Admittedly, this Situational Difficulty Index (SDI) requires some subjectivity to determine why one round of golf is more important than another, and it immediately raises the sticky question of what magnitude should be assigned to a tournament’s history or “prestige”* (which would presumably favor long-running PGA Tour or DP World Tour events over the inaugural LIV Golf events). So yes, some of this criteria will require real decisions by real people, but the goal is for the data to take over from there.

(*There’s also the even murkier question of money. One might assume the more money at stake in an event the greater the magnitude, and in some cases that’s true. BUT … if a tour is throwing piles of money at players to begin with and even last place money is guaranteed and significant, one could argue the payout ceases to play a determining role.)

So could this actually work? Could a Pro Handicap actually replace the OWGR as a fairer way of measuring one player against another? Here it’s important to remember the problem we’re trying to solve, and the reasons why the current system doesn’t do it. Beyond LIV Golf’s infamous source of funding, its detractors will say its competitive product is inferior, a tour seeking legitimacy by way of slapping a few zeroes at the end of tournament purses. In the absence of World Ranking points for its events, players who aren’t otherwise exempt for majors will slip further down the OWGR until they’re shut out altogether.

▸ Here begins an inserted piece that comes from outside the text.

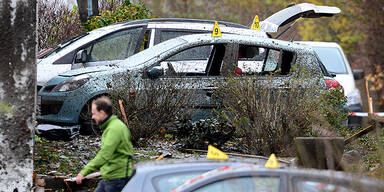 Sprengmeister jagt sich in die Luft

To which you might say, tough luck. This was the choice those players made when joining LIV. Maybe that’s true, but remember, the major championships are the most important events in golf because they bring the best players in the game together on the best courses. To exclude LIV golfers from competing jeopardizes that promise, in turn undermining the majors’ importance. This could be bad for golf.

So if we want the best players in golf eligible for the most important tournaments, then we need an apples-to-apples method to determine a player’s current level of play. The OWGR is currently reviewing LIV Golf’s application to award World Ranking points, but it appears that LIV tournaments won’t satisfy the OWGR requirements for inclusion and perhaps understandably. Winning a LIV Golf event—over just 54 holes, against a 48-man field—isn’t as demanding as a PGA Tour event played over 72 holes against 155 other players.

But shouldn’t those performances count for something? And if so, how?

The OWGR, and to an extent even its own strokes-gained world rating, is more concerned with how golfers fare against one another than how they fare against the assortment of courses they play. The objective of a golf tournament is to win, of course, so winning would need to be rewarded in the PGHI formula. But the OWGR’s reliance on strength of field also makes it a self-fulfilling prophecy: a field’s strength is determined by the World Ranking of its players, which those players achieve by playing in events with strong fields. (Raise your hand if your head hurts.)

The Pro Handicap, meanwhile, eliminates most of the subjectivity of determining one tournament’s worth over another, and returns to the simpler questions of how well you play on these level of courses under these specific circumstances. Again, if the objective is to round up the most qualified golfers for the most important tournaments, this could do it.

If a LIV golfer not already exempt wants to prove why he deserves inclusion in the most important tournaments, the path to do so would be there. But that path is narrower for a reason. An Adjusted Course Rating would reflect LIV courses that are set up generally easier than those on the PGA Tour, and the Situational Difficulty Index would likely reveal most LIV tournament rounds by definition don’t present as steep a challenge. You’re playing against only 47 players, for starters, and since the formula gives greater weight to rounds as tournaments progress, LIV’s 54-hole format means its final round won’t be as “heavy” as the fourth round of a 72-hole event.

If you’ve read this far, it’s because you either think the Pro Handicap has real merit or because you think it’s so absurd you can’t look away. In fact both might be true. The Pro Handicap is indeed an imperfect system. But given the imperfect state of golf these days, and the imperfect system it endeavors to replace, it still might actually work.